Automatic LIBOR Replacement
LIBOR would be replaced automatically with SOFR in some loans and other contracts under a bill that passed the US House of Representatives in early December by a 415-to-9 vote.
The bill would also bar lawsuits arising out of the selection or use of any replacement benchmark rate based on SOFR.
It must still pass the Senate.
The measure is an effort to avoid a chaotic transition after the UK Financial Conduct Authority stops publishing LIBOR. Some LIBOR tenors will cease publication at the end of 2021, and the remaining tenors will cease publication after June 30, 2023.
The UK Financial Conduct Authority plans to continue publishing “synthetic” LIBOR numbers for sterling-denominated contracts that will not require collecting interest-rate data directly from panel banks. It is considering publishing similar dollar LIBOR rates.
Under the House bill, LIBOR would be replaced automatically, in loans or other contracts that do not provide themselves for a replacement rate or make adequate provision to set such a rate, with a rate based on SOFR, plus a fixed spread adjustment that varies by tenor. The adjustment is .11448% for one-month LIBOR and .26161% for three-month LIBOR, the two most commonly-used tenors. The switch would take place on the first London banking day after June 30, 2023.
SOFR is a replacement rate for dollar-denominated instruments published by the Federal Reserve Bank of New York.

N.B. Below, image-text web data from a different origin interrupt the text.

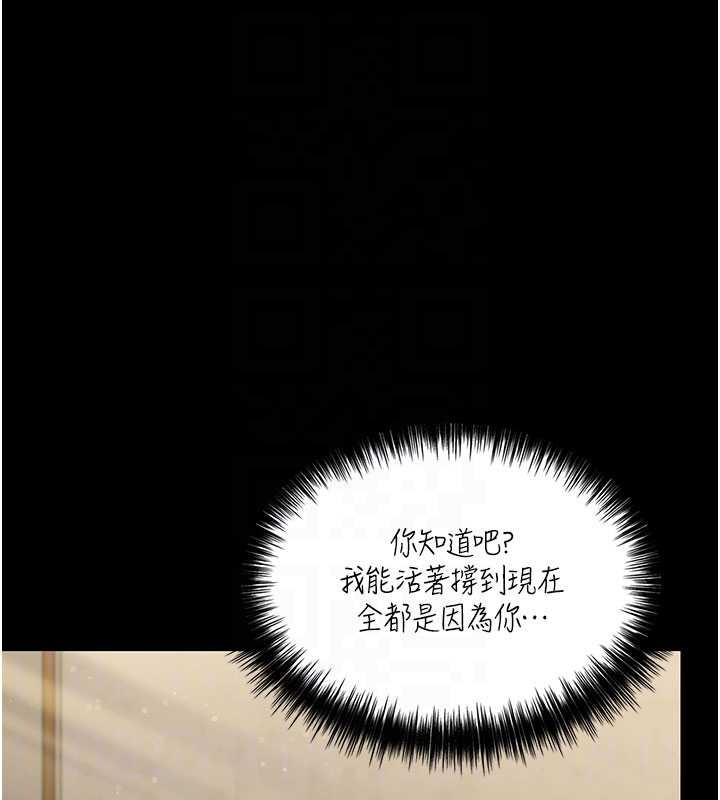 守護妳，第13話-檢察官出身的高級妓女，第 52 页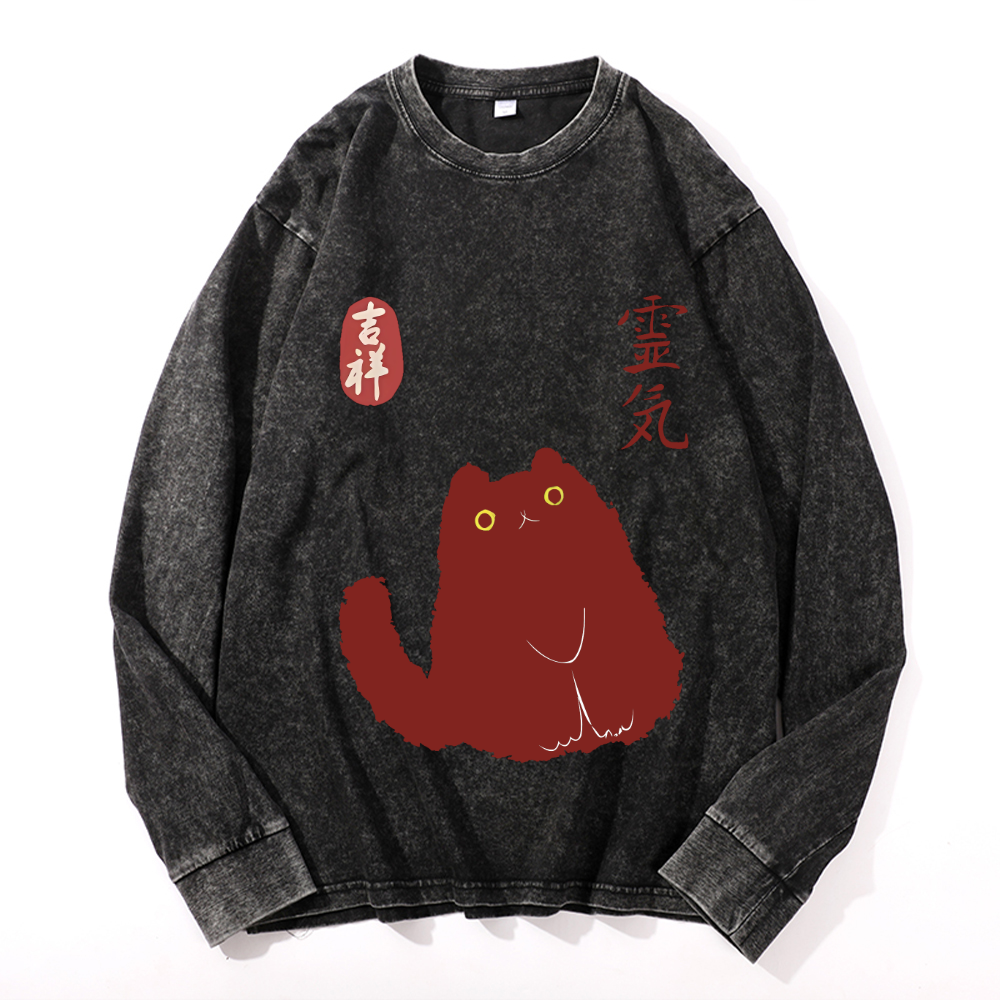Cat Art Vintage Cotton Wash Crewneck Sweatshirt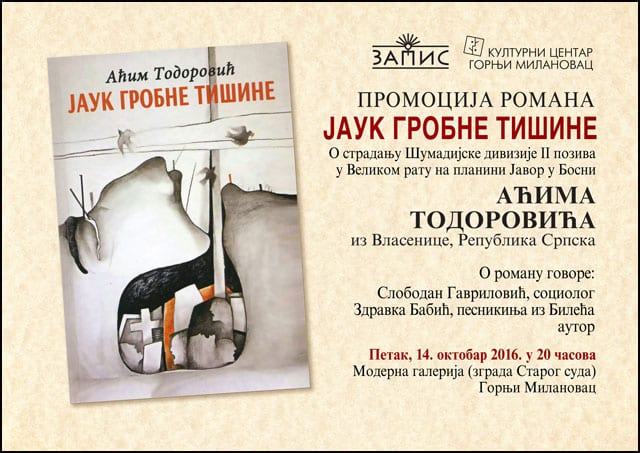 promocija-romana-acima-todorovica-jauk-grobne-tisine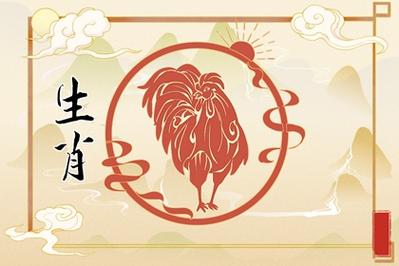 2024年属鸡人将迎来天塌大事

House action on the bill was delayed after the House banking committee included language to prevent the Internal Revenue Service from treating any shift in a benchmark rate as a taxable event. The House tax committee said the US Treasury has enough existing authority to sort out any tax issues in this area.
The IRS issued guidance in October 2020 to dispel fears that adjusting loan agreements and other contracts so that they still work after the UK stops publishing LIBOR will have adverse tax consequences. (For more detail, see “IRS Tries to Simplify LIBOR Transition” in the December 2020 NewsWire.)
Separate laws to avoid transition issues have passed in New York and Alabama.
The House bill overrides any state laws “insofar as they provide for use of a Benchmark Replacement,” meaning use of a new benchmark rate to replace LIBOR in loans or other contracts.
The parties to any loan or other contract can provide in the contract that it is not subject to the House bill.